"""
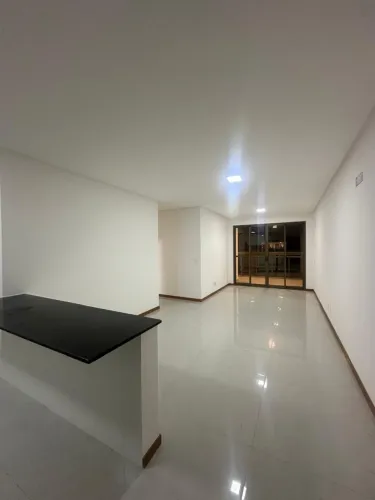 Aluguel Apartamento 4 quartos, Itapuã Jazz Residence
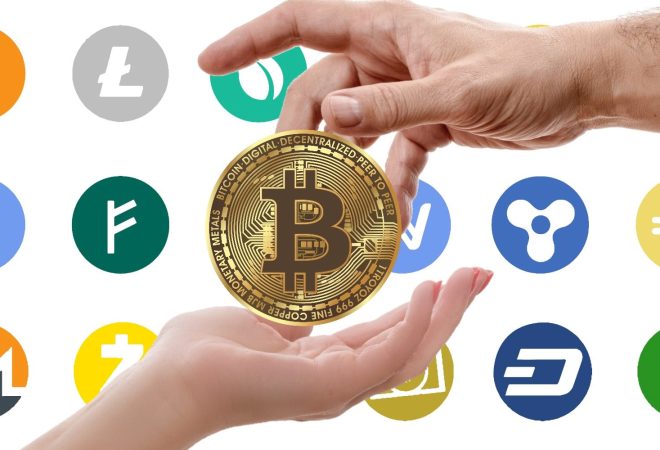 Cryptocurrency_logos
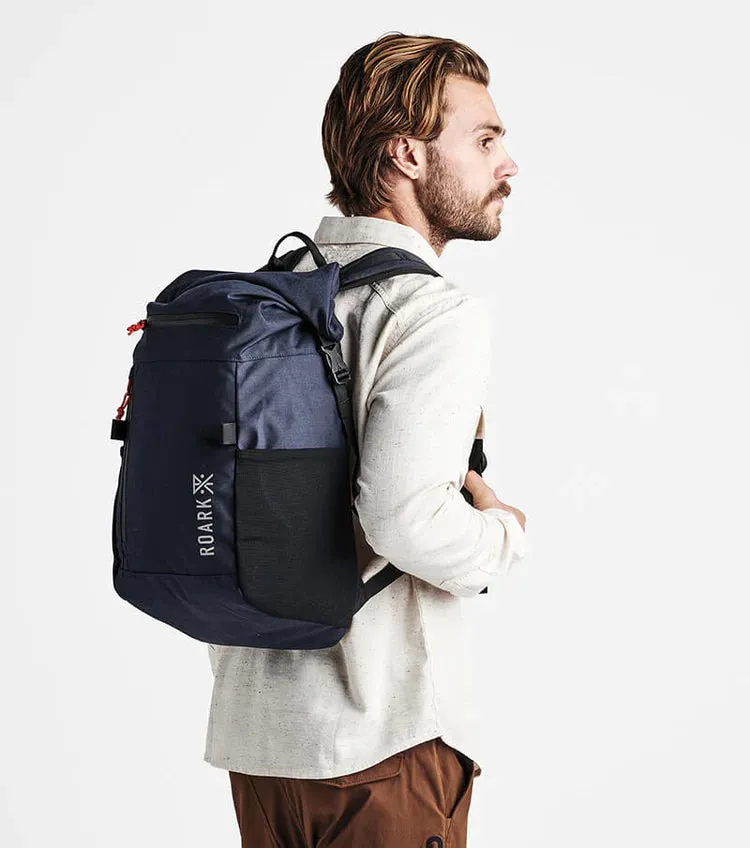 Roark Passenger 27L 2.0 Bag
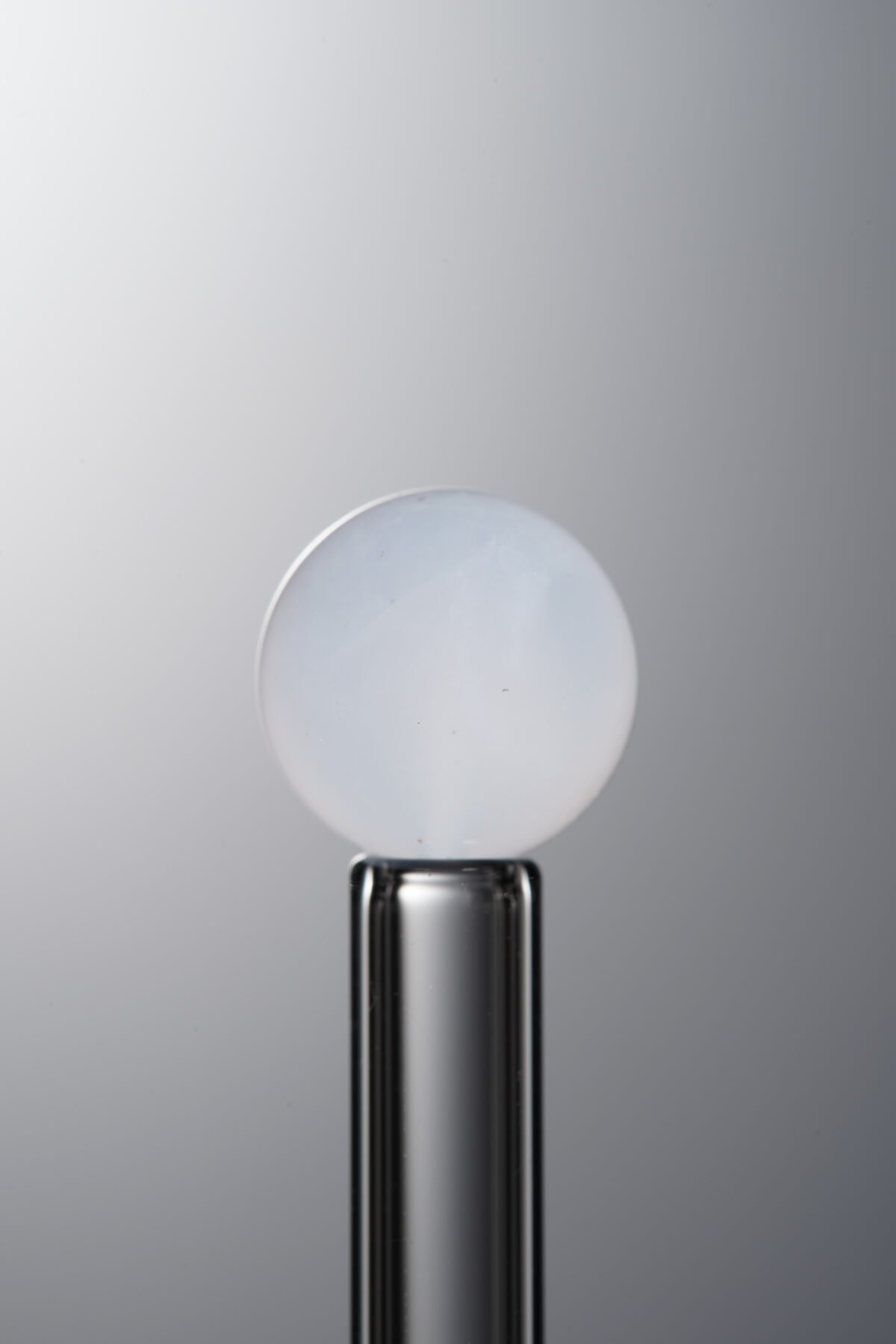 Chalcedony-Purple-10mm - Image 2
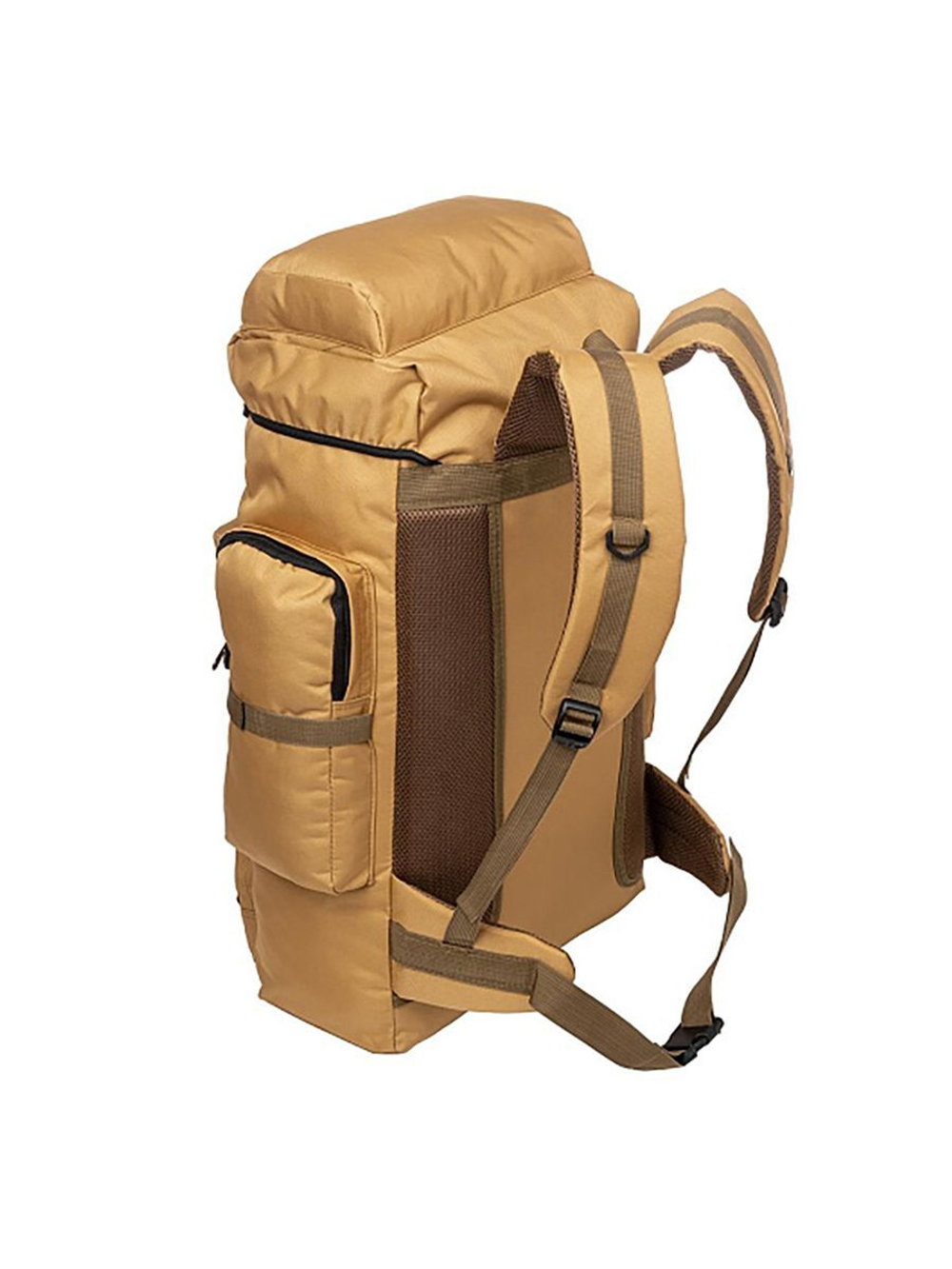 Рюкзак тактический Helios КМФ цифра (HS-9332-G)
"""
> _Your assignment_: Working from the line containing "Chalcedony-Purple-10mm - Image 2" to the last line of the data, retype every line exactly, both ends included, and leave out all pictures.

> _Answer to this problem_:
 Chalcedony-Purple-10mm - Image 2
 Рюкзак тактический Helios КМФ цифра (HS-9332-G)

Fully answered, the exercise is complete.